All in all, Elixir and EXLA perform well. The only thing remaining is that I could not get the CPU to be fully loaded with EXLA (the same for CUDA).
The first one seems similar to what Python does, always using the longest input sequence length, if I understood that right.
I’ve been thinking about the following: couldn’t we also allow a dynamic sequence length and just in time compile when we first get an input with a specific sequence length? Further requests should then be compiled. As the sequence length is finite, this would mean that one could either pre-compile every sequence length or “warmup” the serving.
I’ve been thinking about the following: couldn’t we also allow a dynamic sequence length and just in time compile when we first get an input with a specific sequence length? Further requests should then be compiled. As the sequence length is finite, this would mean that one could either pre-compile every sequence length or “warmup” the serving.
We can do that for sure but it means you may compile the program several times. But it is something I will consider while exploring these ideas.

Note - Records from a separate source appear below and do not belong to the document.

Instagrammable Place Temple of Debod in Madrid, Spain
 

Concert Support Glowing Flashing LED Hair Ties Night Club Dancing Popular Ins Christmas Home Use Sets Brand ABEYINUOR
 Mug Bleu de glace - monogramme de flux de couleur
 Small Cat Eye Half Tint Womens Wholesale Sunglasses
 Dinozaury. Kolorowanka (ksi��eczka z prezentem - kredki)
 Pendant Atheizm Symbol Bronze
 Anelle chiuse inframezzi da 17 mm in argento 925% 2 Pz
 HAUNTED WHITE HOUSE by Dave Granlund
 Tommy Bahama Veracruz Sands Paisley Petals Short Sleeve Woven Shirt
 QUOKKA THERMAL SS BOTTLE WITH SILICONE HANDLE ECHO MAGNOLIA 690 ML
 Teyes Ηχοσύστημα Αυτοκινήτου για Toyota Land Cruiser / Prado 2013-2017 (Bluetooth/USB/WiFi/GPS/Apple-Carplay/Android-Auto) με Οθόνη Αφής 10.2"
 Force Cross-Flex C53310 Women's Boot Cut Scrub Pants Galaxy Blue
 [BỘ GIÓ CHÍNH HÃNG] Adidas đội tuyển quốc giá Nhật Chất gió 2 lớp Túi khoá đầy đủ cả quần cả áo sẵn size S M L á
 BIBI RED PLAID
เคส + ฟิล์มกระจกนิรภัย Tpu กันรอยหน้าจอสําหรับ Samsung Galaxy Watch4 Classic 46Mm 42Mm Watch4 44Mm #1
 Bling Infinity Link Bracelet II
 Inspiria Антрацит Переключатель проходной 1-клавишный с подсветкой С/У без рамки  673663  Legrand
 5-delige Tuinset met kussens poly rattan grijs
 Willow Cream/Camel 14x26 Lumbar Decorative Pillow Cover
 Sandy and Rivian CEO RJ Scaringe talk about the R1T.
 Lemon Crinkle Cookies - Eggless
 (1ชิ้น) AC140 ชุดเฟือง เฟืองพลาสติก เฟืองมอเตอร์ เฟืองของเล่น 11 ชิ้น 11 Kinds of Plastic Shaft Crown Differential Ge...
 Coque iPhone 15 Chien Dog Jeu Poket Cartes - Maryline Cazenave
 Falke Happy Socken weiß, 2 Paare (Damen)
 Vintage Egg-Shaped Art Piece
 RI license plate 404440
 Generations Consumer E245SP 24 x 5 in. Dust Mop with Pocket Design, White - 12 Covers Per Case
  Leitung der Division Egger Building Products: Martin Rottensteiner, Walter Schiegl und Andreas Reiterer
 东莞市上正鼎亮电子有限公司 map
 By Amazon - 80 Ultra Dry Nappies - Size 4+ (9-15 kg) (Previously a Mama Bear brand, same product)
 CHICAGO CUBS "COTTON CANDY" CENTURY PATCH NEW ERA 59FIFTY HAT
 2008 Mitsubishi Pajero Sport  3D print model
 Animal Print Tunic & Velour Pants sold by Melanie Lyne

Having multiple variants sounds great! Both 1. and 2. make certain tradeoffs and which is better depends on the length distribution. If longer inputs are rare, then using 2. it will hit batch timeout and we will pad with empty batch items, while we may as well put some shorter inputs there. But then note that we pad on the client as part of tokenization and it impacts all of the input tensors (input ids, attention mask), but padding to higher length means we need to pad on the server. With 2. we always know what length to pad to.